Не дожидаясь ответа Авдотьи, Авдей взял Пашутку на руки и понес к новой куче сена. Покуда они подводили под кучу жерди, Пашутка сидела на траве. Но когда жерди были подведены, Авдей подошел к Пашутке, взял ее на руки и понес к сену.

— Ну, баловница, садись сюда, в ямку-то… Поедем вместе! Ладно так-то?

Пашутка что-то пропищала.

— Ну, сиди смирно!

— У, паскудная! — с сердцем сказала измученная Авдотья.

— Ну, что уж… Берись!..

— Горластый чорт, покою нет!..

И опять муж и жена согнулись вперегиб, и опять раза по три, по четыре приладились и присноровились поднять кучу, причем уже нужно было робеть и за Пашутку: как бы не свалилась, жерди качаются — но в конце концов, с еще большим напряжением нервов, муж и жена одолели-таки увеличенную Пашуткою тяжесть. Кроме тяжести жердей, тяжести сена, прибавилась еще и тяжесть Пашутки. Что делать! у бедных людей была только четвертая часть лошади, и поэтому недостающие части лошадиной силы они должны были взять на себя.

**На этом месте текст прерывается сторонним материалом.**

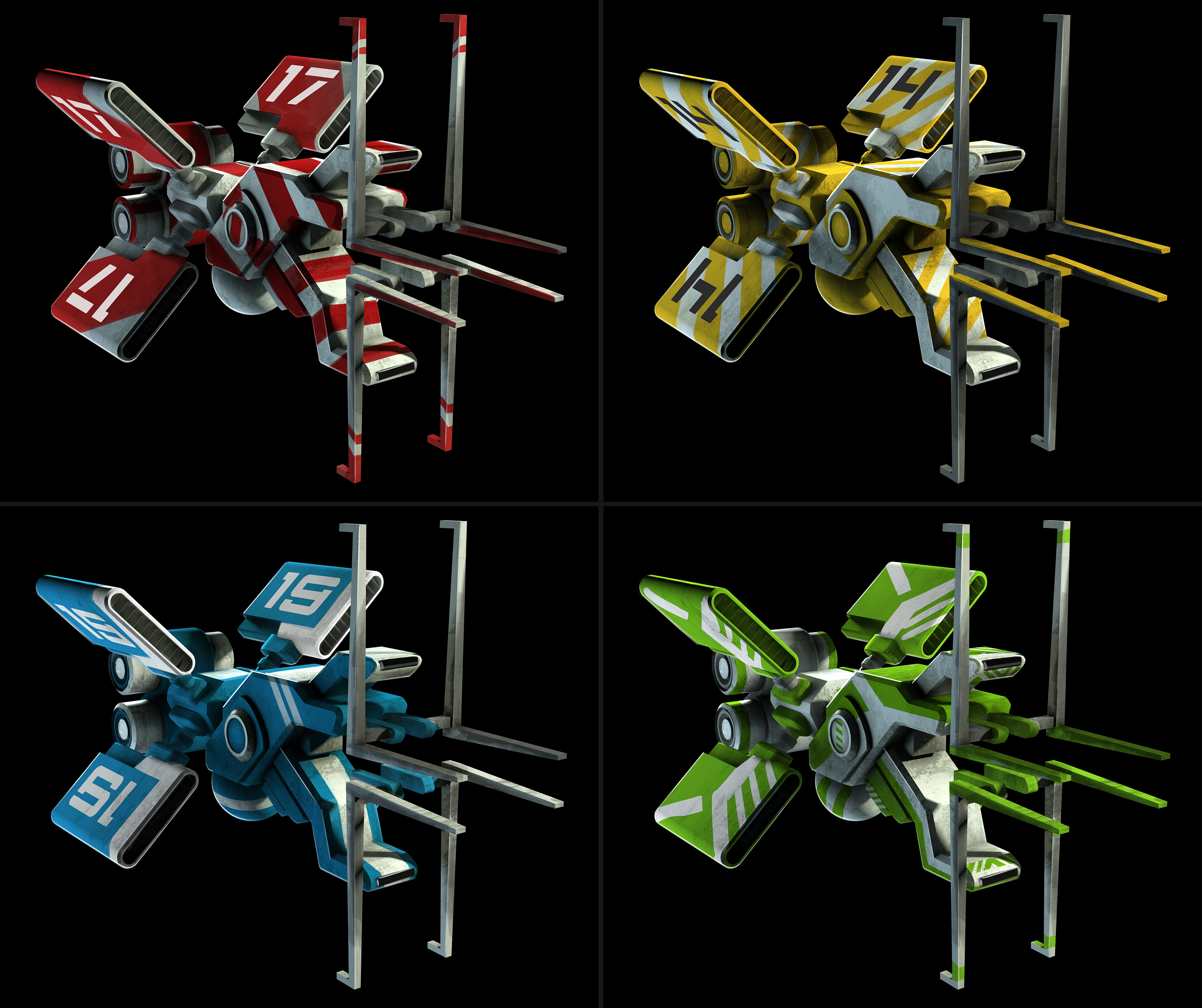   Quick Photoshop paintovers round out the ship design with the details that really make it pop. Paintjobs can follow the contours of the ship or go counter to them, depending on the intent of the design.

Все время я, как уже сказано ранее, держался в моем поведении строго научного метода. Но после того, как куча сена на моих глазах оказалась с увеличившимся содержанием, я почувствовал, что едва ли можно еще дополнить чем-нибудь новым уже и без того слишком многосложное содержание статистической дроби. «Что еще может быть добавлено в ее объяснение?» — спрашивал я сам себя и положительно не перенес бы дальнейшей строгости в сохранении себя на научной точке зрения, если бы в самом деле к виденному можно было бы что-нибудь добавить еще. Мне было довольно простого умножения количества видимых глазами куч на силы двух человеческих существ, чтобы тотчас же прекратить продолжение моего исследования.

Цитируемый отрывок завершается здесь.